The system consists of a massless ring and a bead of mass $M$. The ring rolls on the floor. Because the ring is massless, the “Center of Mass” of the entire system is simply the location of the bead. We analyze the forces acting on the system (Gravity $Mg$, Normal $N$, Friction $f$) and equate them to the motion of the bead.

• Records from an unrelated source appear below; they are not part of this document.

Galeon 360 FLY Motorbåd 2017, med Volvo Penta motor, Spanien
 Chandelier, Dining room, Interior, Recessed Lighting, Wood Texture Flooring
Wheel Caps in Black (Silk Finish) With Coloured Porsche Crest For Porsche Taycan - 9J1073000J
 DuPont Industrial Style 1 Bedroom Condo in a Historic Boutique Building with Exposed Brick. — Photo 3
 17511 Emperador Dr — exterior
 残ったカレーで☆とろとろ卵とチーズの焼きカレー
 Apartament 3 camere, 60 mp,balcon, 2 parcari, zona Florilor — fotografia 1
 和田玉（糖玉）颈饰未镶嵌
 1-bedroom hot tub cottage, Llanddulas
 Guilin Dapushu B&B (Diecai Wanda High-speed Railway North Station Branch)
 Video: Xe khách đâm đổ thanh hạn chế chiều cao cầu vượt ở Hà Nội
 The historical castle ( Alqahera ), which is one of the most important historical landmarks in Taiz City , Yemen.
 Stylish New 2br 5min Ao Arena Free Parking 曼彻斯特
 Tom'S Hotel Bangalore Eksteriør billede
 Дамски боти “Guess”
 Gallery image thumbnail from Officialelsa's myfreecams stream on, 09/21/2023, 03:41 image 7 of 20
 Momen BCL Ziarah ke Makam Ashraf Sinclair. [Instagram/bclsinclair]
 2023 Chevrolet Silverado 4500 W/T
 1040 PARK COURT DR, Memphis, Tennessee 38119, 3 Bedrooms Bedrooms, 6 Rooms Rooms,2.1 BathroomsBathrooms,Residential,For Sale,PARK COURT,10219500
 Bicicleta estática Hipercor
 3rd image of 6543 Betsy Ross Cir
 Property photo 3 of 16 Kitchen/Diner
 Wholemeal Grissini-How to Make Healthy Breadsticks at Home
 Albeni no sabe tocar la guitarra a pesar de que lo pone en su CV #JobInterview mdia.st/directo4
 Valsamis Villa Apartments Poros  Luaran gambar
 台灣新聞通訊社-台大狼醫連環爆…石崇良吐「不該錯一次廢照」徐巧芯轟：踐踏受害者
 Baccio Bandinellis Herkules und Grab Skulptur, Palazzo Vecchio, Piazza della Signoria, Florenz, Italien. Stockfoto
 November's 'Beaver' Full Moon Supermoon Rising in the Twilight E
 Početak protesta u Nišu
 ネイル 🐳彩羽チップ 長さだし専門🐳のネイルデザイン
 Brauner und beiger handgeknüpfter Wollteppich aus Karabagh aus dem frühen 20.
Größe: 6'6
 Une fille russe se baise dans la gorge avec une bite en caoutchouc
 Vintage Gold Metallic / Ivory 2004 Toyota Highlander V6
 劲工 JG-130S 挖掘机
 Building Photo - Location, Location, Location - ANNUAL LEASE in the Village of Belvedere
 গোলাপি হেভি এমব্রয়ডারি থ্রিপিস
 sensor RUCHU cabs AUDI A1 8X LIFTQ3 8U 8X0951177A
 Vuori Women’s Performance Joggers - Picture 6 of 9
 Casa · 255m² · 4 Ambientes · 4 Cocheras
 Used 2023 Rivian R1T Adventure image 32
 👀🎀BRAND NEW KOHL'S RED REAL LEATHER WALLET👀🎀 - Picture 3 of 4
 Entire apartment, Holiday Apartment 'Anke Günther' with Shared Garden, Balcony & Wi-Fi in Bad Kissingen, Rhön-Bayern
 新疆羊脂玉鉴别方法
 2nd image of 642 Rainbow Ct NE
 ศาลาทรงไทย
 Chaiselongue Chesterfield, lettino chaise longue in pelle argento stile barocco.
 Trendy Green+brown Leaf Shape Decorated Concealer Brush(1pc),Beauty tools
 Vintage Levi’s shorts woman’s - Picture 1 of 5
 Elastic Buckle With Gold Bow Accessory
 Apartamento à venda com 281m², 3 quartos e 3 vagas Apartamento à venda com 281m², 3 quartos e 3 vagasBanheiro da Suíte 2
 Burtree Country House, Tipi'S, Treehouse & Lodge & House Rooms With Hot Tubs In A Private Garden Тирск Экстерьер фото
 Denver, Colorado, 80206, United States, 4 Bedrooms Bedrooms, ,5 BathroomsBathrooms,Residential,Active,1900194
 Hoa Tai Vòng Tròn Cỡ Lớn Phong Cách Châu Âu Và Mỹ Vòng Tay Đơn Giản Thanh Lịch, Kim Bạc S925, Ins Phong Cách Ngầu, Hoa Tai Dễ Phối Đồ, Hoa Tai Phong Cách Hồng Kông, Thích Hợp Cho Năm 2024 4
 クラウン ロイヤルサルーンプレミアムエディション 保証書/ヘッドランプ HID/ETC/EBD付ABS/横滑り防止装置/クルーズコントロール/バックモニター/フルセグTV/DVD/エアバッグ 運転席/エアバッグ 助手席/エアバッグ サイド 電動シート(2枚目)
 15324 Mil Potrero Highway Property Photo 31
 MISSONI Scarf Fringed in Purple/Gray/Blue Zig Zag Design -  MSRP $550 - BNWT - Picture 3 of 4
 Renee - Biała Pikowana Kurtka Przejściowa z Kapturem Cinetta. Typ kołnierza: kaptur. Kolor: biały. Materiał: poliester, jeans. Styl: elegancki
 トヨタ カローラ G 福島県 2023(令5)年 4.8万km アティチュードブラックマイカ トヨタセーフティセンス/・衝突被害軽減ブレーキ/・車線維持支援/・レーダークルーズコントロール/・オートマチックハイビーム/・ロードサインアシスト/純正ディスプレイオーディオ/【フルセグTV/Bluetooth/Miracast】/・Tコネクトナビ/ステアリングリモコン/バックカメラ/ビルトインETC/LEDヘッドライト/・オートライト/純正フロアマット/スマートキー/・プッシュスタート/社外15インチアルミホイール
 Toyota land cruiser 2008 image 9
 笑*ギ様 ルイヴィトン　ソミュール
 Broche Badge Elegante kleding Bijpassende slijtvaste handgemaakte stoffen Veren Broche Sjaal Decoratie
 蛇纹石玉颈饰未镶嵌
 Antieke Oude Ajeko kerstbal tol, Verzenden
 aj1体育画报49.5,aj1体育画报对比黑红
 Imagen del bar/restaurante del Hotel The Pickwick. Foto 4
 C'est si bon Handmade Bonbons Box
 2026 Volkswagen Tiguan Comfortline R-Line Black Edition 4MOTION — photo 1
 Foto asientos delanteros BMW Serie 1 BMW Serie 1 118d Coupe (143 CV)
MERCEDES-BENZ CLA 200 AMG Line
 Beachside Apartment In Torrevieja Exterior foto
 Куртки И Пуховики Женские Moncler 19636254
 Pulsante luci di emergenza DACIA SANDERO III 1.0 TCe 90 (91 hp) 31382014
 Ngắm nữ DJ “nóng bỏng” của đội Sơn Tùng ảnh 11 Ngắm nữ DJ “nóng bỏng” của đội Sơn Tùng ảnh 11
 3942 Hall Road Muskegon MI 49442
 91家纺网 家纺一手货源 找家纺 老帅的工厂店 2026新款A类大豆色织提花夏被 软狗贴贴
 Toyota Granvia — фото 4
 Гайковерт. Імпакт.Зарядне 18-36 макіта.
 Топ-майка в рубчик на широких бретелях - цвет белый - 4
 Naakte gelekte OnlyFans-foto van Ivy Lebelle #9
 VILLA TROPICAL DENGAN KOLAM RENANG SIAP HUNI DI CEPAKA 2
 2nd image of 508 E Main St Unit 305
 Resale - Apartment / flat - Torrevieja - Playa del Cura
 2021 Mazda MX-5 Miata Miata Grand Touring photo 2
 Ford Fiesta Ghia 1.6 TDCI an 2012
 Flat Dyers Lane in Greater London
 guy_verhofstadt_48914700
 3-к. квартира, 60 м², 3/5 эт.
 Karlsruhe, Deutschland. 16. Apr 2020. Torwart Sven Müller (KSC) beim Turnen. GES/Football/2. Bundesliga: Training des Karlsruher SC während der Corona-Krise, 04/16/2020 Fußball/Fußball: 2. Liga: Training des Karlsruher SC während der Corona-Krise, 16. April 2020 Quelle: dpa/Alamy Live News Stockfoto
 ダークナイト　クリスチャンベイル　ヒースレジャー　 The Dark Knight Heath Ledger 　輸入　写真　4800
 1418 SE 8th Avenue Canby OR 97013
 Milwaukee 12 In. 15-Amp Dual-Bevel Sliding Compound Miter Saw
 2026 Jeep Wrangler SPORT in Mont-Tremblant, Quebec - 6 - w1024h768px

Assuming pure rolling initially, the velocity of the contact point is zero. The velocity of the bead is $v$. From geometry of a rolling cycloid (or rotational kinematics about the instantaneous axis of rotation at the contact point), $v^2 = 2 (R\omega)^2 (1+\cos\theta)$.
Applying Work-Energy Theorem: $$ \text{Loss in PE} = \text{Gain in KE} $$ $$ Mg R(1 – \cos\theta) = \frac{1}{2} M [2R^2\omega^2(1+\cos\theta)] $$ $$ g(1 – \cos\theta) = R\omega^2(1+\cos\theta) $$ $$ \omega^2 = \frac{g}{R} \frac{1-\cos\theta}{1+\cos\theta} = \frac{g}{R} \tan^2\frac{\theta}{2} $$

To find the condition for slipping, we must derive the Normal force $N$ and Friction force $f$ in terms of $\theta$. Differentiating the energy equation $g(1-\cos\theta) = R\omega^2(1+\cos\theta)$ with respect to time (noting $\dot{\theta} = \omega$) yields the angular acceleration $\alpha$: $$ R\alpha = \frac{g \sin\theta}{(1+\cos\theta)^2} $$ Horizontal Equation of Motion ($f = Ma_x$): The horizontal acceleration of the bead (CM) is $a_x = R\alpha(1+\cos\theta) – R\omega^2\sin\theta$. Substituting $\alpha$ and $\omega^2$: $$ f = M \left[ \frac{g \sin\theta}{1+\cos\theta} – g \left(\frac{1-\cos\theta}{1+\cos\theta}\right)\sin\theta \right] $$ $$ f = \frac{Mg \sin\theta}{1+\cos\theta} [ 1 – (1-\cos\theta) ] = Mg \frac{\sin\theta \cos\theta}{1+\cos\theta} $$ Vertical Equation of Motion ($N – Mg = Ma_y$): The vertical acceleration is $a_y = -R\alpha\sin\theta – R\omega^2\cos\theta$. $$ N = M(g + a_y) = M \left[ g – \frac{g \sin^2\theta}{(1+\cos\theta)^2} – \frac{g(1-\cos\theta)}{1+\cos\theta}\cos\theta \right] $$ After simplifying the algebraic terms, this reduces remarkably to: $$ N = Mg \cos\theta $$ Condition for Slipping ($f = \mu N$): $$ \mu = \frac{f}{N} = \frac{Mg \frac{\sin\theta \cos\theta}{1+\cos\theta}}{Mg \cos\theta} = \frac{\sin\theta}{1+\cos\theta} $$ Using half-angle identities $\sin\theta = 2\sin\frac{\theta}{2}\cos\frac{\theta}{2}$ and $1+\cos\theta = 2\cos^2\frac{\theta}{2}$: $$ \mu = \tan\frac{\theta}{2} $$

(a) Angle of rotation: From $\tan\frac{\theta}{2} = \mu$: $$ \theta = 2 \tan^{-1}\mu $$

(b) Speed of the centre: The speed of the center of the ring is $v_c = R\omega$. Substitute $\omega = \sqrt{\frac{g}{R}} \tan\frac{\theta}{2} = \sqrt{\frac{g}{R}} \mu$: $$ v_c = R \left( \mu \sqrt{\frac{g}{R}} \right) = \mu \sqrt{gr} $$